To ensure AI systems can not only perceive but also reason effectively, Nvidia has expanded its AI model families. For enterprise applications, the Nemotron family now includes Nemotron Nano 2 and Llama Nemotron Super 1.5. These models are designed to enable AI agents to tackle complex, multi-step tasks across sectors like customer service and cybersecurity.
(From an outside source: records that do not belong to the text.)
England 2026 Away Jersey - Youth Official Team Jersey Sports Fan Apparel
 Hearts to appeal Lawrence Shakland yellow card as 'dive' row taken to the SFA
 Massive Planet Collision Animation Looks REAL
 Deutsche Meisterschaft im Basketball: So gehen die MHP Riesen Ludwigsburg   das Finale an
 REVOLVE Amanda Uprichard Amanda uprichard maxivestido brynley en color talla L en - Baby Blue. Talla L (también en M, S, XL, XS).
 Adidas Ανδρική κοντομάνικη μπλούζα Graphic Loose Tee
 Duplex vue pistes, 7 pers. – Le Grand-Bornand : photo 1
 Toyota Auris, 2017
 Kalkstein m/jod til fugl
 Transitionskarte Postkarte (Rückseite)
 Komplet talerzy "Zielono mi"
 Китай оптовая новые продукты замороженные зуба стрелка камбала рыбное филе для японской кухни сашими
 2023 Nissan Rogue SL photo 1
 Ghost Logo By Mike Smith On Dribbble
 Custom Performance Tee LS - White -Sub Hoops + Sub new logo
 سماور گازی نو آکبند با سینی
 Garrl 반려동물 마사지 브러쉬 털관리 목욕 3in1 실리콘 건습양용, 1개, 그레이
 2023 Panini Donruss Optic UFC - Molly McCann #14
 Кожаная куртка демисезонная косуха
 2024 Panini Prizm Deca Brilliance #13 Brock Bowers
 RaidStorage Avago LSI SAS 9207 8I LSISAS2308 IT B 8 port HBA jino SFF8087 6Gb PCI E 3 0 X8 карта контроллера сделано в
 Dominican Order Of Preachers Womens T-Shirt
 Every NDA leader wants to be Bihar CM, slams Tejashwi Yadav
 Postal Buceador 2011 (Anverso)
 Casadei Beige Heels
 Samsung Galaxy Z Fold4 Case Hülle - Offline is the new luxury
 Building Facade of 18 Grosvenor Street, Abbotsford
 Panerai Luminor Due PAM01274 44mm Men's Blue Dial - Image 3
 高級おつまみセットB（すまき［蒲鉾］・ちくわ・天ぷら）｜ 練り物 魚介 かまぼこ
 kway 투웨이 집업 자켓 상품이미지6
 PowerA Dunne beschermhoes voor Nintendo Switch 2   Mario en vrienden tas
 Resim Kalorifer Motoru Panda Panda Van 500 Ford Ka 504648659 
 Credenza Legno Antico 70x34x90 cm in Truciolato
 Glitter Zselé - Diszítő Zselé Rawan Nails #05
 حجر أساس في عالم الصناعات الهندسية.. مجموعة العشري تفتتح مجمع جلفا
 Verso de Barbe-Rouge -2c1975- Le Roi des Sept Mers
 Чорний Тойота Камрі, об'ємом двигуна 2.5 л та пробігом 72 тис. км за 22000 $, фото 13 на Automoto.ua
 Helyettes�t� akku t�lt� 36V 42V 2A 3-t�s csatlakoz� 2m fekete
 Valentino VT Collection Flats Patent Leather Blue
Nvidia highlights the models’ high efficiency, achieved through a hybrid architecture and quantization (NVFP4). Companies such as CrowdStrike, Uber, and Zoom are reportedly already testing or planning to integrate these models.
Specifically developed for Physical AI is Cosmos Reason, a customizable 7-billion-parameter Vision Language Model (VLM). This model is engineered to empower robots and vision AI agents to interpret and act within the physical world by incorporating prior knowledge, an understanding of physics, and “common sense.” Its applications span robot planning, automated annotation of training data, and video analytics. Uber, for instance, is utilizing Cosmos Reason to analyze the behavior of autonomous vehicles, while VAST Data and Milestone Systems are employing it for intelligent traffic monitoring.
To translate these advanced technologies into tangible applications for intelligent infrastructure, Nvidia integrates many of these components into its Metropolis platform. The platform has been enhanced with several new features, including the seamless integration of the Cosmos Reason VLM, new vision foundation models within the TAO Toolkit, and extensions for Isaac Sim to generate rare training scenarios. Partners are already leveraging Metropolis for diverse solutions. Accenture and Belden are developing “smart virtual fences,” simulated in Omniverse, to enhance worker safety around industrial robots. DeepHow is using the Metropolis VSS blueprint for a “Smart Know-How Companion” that transforms work instructions into visual guides, a solution that Anheuser-Busch InBev reportedly used to reduce onboarding time for new employees by 80 percent.
Nvidia’s “Physical AI” initiative represents a comprehensive effort to bridge the gap between digital simulation and real-world intelligence, promising a future where machines learn and act with unprecedented autonomy and understanding.